Saya
diajak Sruti Respati, untuk
menemaninya. Pas dengar eventnya dan lokasinya, Prambanan Jazz Festival. Wuaaaah, imajinasi inipun menari-nari
liar, indah dan warna-warni. Bayanganku kan, ini seru nih! Prambanan itu
wuih...eksotis betul. Agung, gagah, mistis, mempesona.
Saya
teringat, ada beberapa acara, skala lumayan besar ya, digelar di pelataran
Prambanan itu. Menarik betul. Indah sekali. Dimana areal kompleks candi
betul-betul dimanfaatkan menjadi lokasi tak terpisahkan dari acara. Sebagai background oh indahnya.
Keren
banget. Pasti asyik kalau di foto-foto. Angle
bisa dari mana-mana. Kalau jadinya begitu, kudu bawa lensa-lensa nih, kalau
perlu 2 kamera deh. Ya saya bayanginnya pasti saya bakal “kalap” untuk
memotret!
Ya
candi Prambanan sebelum ini sudah kerap digunakan berbagai acara musik. Baik
skala nasional, ataupun internasional. Candi yang bernama lain Candi Roro
Jonggrang, yang adalah candi Hindu terbesar di Indonesia, yang dibangun pada
abad ke 9 Masehi. telah masuk sebagai situs warisan dunia Unesco. Dan dipilih
sebagai salah satu candi terindah di Asia Tenggara.
Dan
setiap bulan purnama, dalam areal candi, disajikan penampilan sendratari
Ramayana. Kabarnya, sendratari tersebut, digelar rutin sejak 1960-an. Yang
lantas menambah pesona Prambanan, sebagai salah satu destinasi penting para
wisatawan, asing maupun domestik.
Saya
sampai di Yogyakarta, sehari sebelum festival berlangsung. Kemudian di hari
pertama event, saya sudah bersama
Sruti Respati, mulai sekitar 13.30 wib. Sruti pun bertemu dengan grup musik The Doctor and the Professor. Ia memang
akan menjadi bintang tamu khusus, dalam penampilan grup tersebut.
Oh
ya nama acara selengkapnya adalah Prambanan
Jazz International Festival. Diadakan oleh Rajawali Indonesia Communication. Dan tahun ini adalah tahun kedua
penyelenggaraannya. Tahun kemarin,mengetengahkan headliners Kenny G dan Trisum yang adalah Tohpati – Dewa Budjana – Wayan Balawan.. Tahun ini nampaknya format
festival diperbesar. Dan menampilkan lebih banyak lagi artis penyanyi, musisi
dan grup band.
Sruti
Respati bertemu dengan “the doctor”, Teuku Adifitrian, lebih dikenal sebagai
Tompi. Serta “the professor”, Tjut Nyak Deviana Daudsjah. Grup
tersebut didukung pula oleh bassis muda, Shadu
Shah Rasjidi. Dan drummer, Wahyu
Prastya. Mereka berlima siang terik itu, memanfaatkan jadwal untuk sound check, selama sekitar 60 menit.
Sedap
betul nih pemandangannya. Langsung deretan candi dalam areal Candi Prambanan,
terlihat sebagai background dari
stage utama, yang diberi nama Panggung Brahma itu. Oh ya ada disediakan 2 stage. Stage lain adalah Panggung Wisnu,
disebut BNI Stage. Latar belakangnya juga pemandangan eksotis candi tersebut.

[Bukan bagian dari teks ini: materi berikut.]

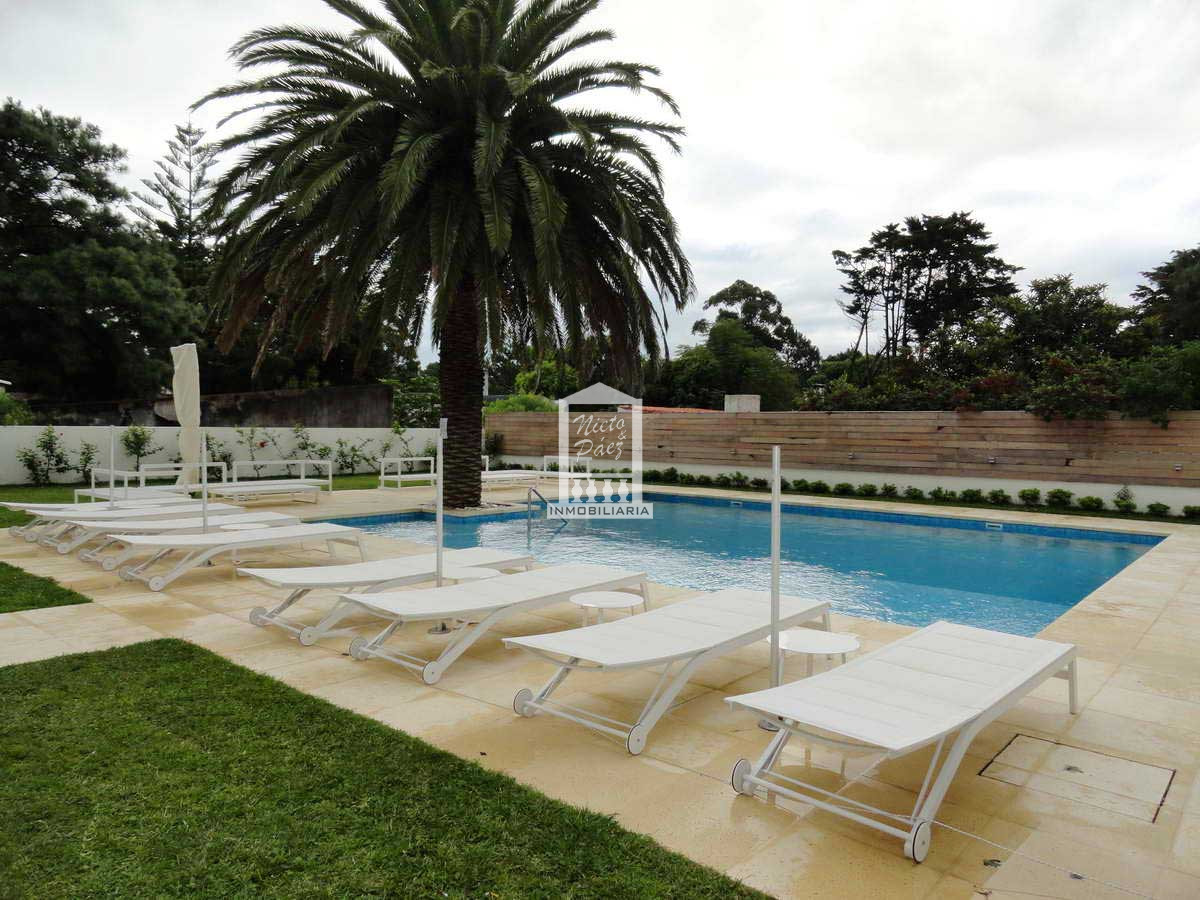 Apartamento ID.21985 - Piso alto, con vista a la mansa.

Keren betul nih. Ngebayang malamnya pasti indah dan menarik banget.
Saya
pilih stay dan berkeliling areal
festival saja, selepas Sruti menyelesaikan sound check dengan Tompi, Tjut Nyak
Deviana serta Shadu hah dan Wahyu Prastya. Terik matahari sih lumayan
menyengat. Saya putuskan, saya bertahan saja di venue. Biar bisa menonton,
tentu dong sambil memotret, sejak performers
pertama tampil.
Ya
saya puaskan berkeliling, sambil memotret. Lantas sekalian mencoba
mengira-ngira angle untuk foto-foto.
Well, yah supaya menghemat tenaga gitu deeeh, saya pilih posisi areal dekat
stage sajalah. Artinya, ada dalam barikade di bibir panggung saja. Soalnya,
penonton makin banyak, perlahan tapi pasti terus bertambah jumlahnya.
Ok back to the stage.
Emang syuuuur kali pemandangannya.
Saat Everyday, kelompok jazzy dari
Yogyakarta membuka acara. Rada telat hampir sejam, dari jadwal yang ada dalam
rundown. Kelompok ini sanggup membuai penonton dengan musiknya. Belum begitu
banyak sih penontonnya.
Reagina Maria a.k.a
Riri, ahay suaranya itu. Ah, kamu,
‘ri! Itu aja sih komen saya untuk Everyday. He he he. Yang penting, saya
terhibur. Kayaknya penonton juga deh. Selanjutya, ada Dinno Alshan, juga dari Yogyakarta. Kalau Riri cewek, nah ini Dinno
ya cowok. Lumayanlah. Lumayan?
Yaeyalaaaah,
daripade lumanyun? Eh bentar, maksud saya, penonton toh ga ada yang keliatannya
manyun gimana gitu deh, pas Dinno dan band-nya tampil kok. Ada juga yang
kayaknya sih tau Dinno dengan musiknya itu, jadi cukup antusias menyambut musik
yang disajikan.
Saya
terus terang menikmati pemandangan panggung dan deretan candi sebagai latar
belakangnya. Asyik nih. Sementara waktu makin sore, mendekati Maghrib.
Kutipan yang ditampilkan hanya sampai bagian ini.